Character

Dionyza in Pericles, Prince of Tyre

Role: Ambitious wife of Cleon; driven by envy to attempt her stepdaughter's murder Family: Wife of Cleon, governor of Tarsus; mother to Philoten First appearance: Act 1, Scene 4 Last appearance: Act 4, Scene 3 Approx. lines: 19

Dionyza enters Pericles as a woman of means and apparent warmth—she and her husband Cleon welcome the shipwrecked Pericles to Tarsus with kindness during their city’s famine. Yet beneath her courtesy lies a woman consumed by ambition and poisoned by envy. When Pericles leaves his infant daughter Marina in her care, she accepts the charge with grace. But as Marina grows into a woman of extraordinary beauty, talent, and virtue, Dionyza’s gratitude curdles into murderous resentment. Marina’s accomplishments in music, needlework, and learning eclipse those of Dionyza’s own daughter, Philoten. Rather than celebrating the girl she has raised, Dionyza sees Marina as a threat to her family’s status and her daughter’s marriage prospects.
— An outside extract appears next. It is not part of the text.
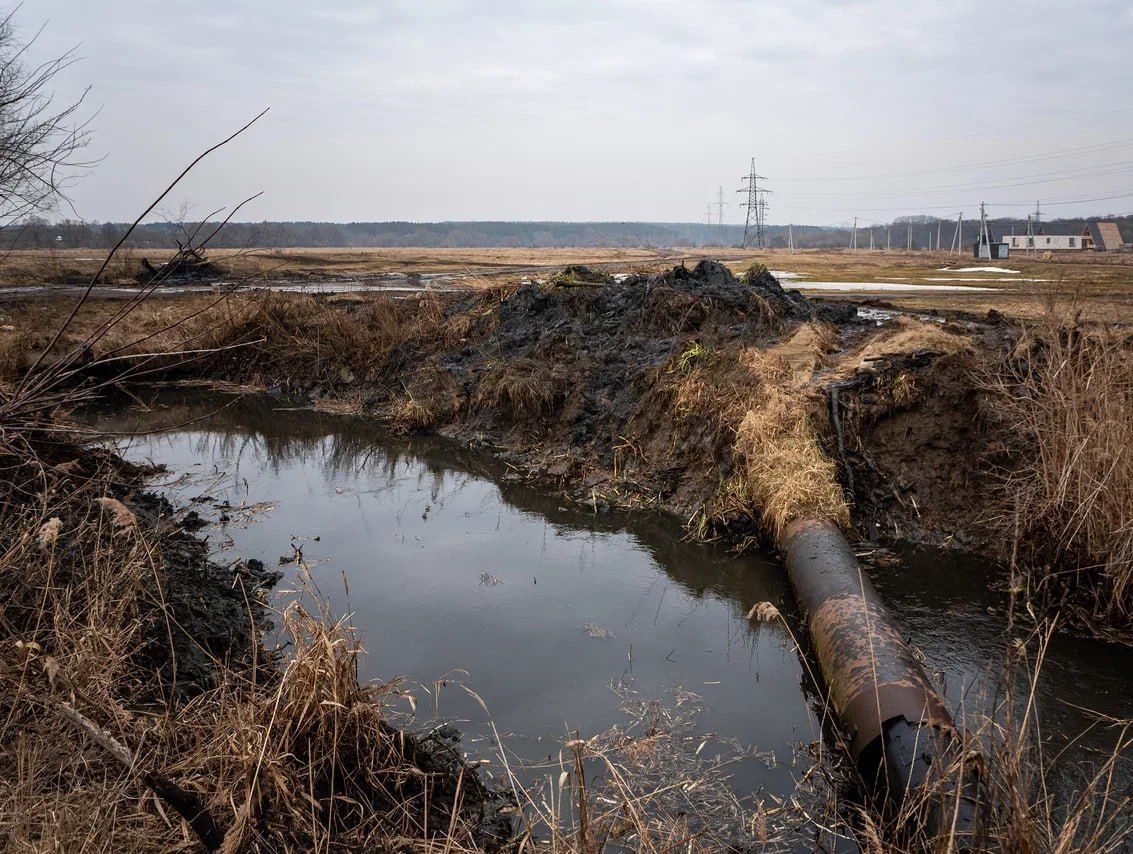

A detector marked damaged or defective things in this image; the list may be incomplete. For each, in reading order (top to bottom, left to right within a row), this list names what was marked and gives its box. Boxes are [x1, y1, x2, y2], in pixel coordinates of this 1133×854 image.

rusty metal pipe [784, 516, 978, 833]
The turning point comes when Dionyza’s envy metastasizes into action. She hires the hired assassin Leonine to murder Marina, hoping to rid herself of the beautiful rival who has overshadowed her own child. When Marina narrowly escapes death—rescued by pirates before Leonine can strike—Dionyza does not despair. Instead, she doubles down on her deception. She erects a monument to Marina’s supposed death and lies to Pericles about his daughter’s fate, claiming she died of sickness while under Cleon’s care. Her corruption is complete: she has become not just a murderer in intent, but a liar who uses her position of trust to perpetrate the crime.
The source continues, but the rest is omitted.